He hasn’t yet been sanctioned, hence WADA’s complaint. But his status as a registered athlete meant that Salazar and Dr. Brown were sanctioned for administering a prohibited method to him. Had he not come forward with information to USADA, Salazar and Dr. Brown might not have been sanctioned and might still be abusing athletes.
The CAS Decision reveals why the process Magness underwent rang alarm bells. It blurs – or perhaps obliterates – the line between treatment and doping. Magness sat with a needle in his arm for over four hours (250 minutes) whilst a 1,000mL solution containing L-carnitine was infused into him.
There is no doubt that performing this procedure on an athlete was prohibited on 28 November 2011. All infusions were prohibited until 1 January 2012, and then only infusions of 50 mL in under six hours were permitted. In terms of anti-doping rules, L-carnitine is irrelevant. The procedure would have been prohibited if Magness had been administered water.
Salazar and Dr. Brown had planned to use the same procedure on NOP athletes. The CAS Decision reveals that Dr. Brown told Ritzenhein in a 1 December 2012 email that the procedure would take four to five hours. This either indicates that Dr. Brown intended to administer the same prohibited infusion to Ritzenhein, or that he didn’t yet know the volume administered to Magness was prohibited.

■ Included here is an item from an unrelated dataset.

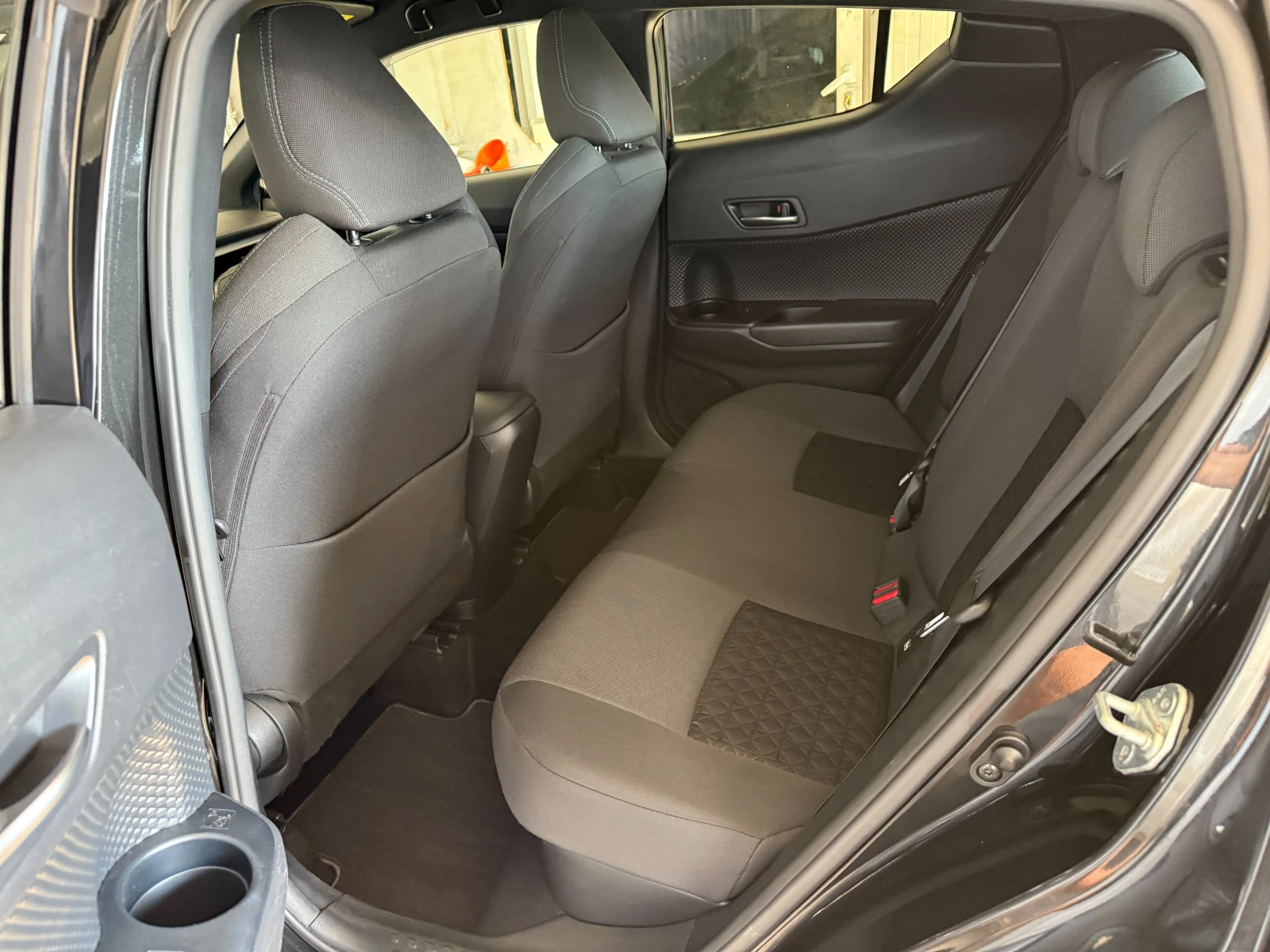 Toyota C-HR 2.0i* 184к* СЕРВИЗНА КНИЖКА С ПЪЛНА ИСТОРИЯ В ТОЙО - изображение 9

Salazar emailed Dr. Noel Pollock of UK Athletics a day later asking him about the maximum infusion permissible under the rules, after Ritzenhein raised concerns. On 3 December, he asked USADA whether he could perform infusions on NOP athletes and on 6 December, he was again advised of the 50ml limit (see right), which he stuck to. As such, the CAS found that it was more likely that on 1 December, Dr. Brown didn’t know that the volume of the infusion he had administered to Magness and had intended to give to Ritzenhein was prohibited.
USADA attempted to charge Salazar and Brown with attempted administration of over the limit L-carnitine infusions to five athletes: Dathan Ritzenhein; Alvina Begay; Dawn Grunnagle; Galen Rupp; and Lindsay Horn. As previously mentioned, the CAS Decision reveals that USADA failed to establish this. Following the ‘experiment’ concerning an over the limit L-carnitine infusion administered to Magness, all L-carnitine infusions administered to NOP athletes were within permissible limits.
Despite email records indicating that permitted 45ml infusions were used on NOP athletes, Dr. Brown later amended the medical records of Ritzenhein, Rupp, and Grunnagle to indicate that 40ml was infused, after being informed about USADA’s investigation. This appears to be an attempt to protect himself and Salazar.
The results of the Magness experiment were that the increase in VO2max was within the range associated with blood doping. Salazar was so excited about this that he emailed Lance Armstrong.
This was before Armstrong had confessed to doping throughout his career, but during USADA’s investigation into the cyclist. Why was Salazar telling a suspected doper about new, permitted, performance enhancing substances? Such advisory exchanges are often two way.
On 5 January 2012, Salazar instructed all five NOP athletes that underwent permitted infusions to state that they hadn’t had any prohibited infusions. The CAS Decision reveals that this was because he believed that in order to be permitted, an infusion volume had to be less than 50mL and delivered via syringe and not a bag.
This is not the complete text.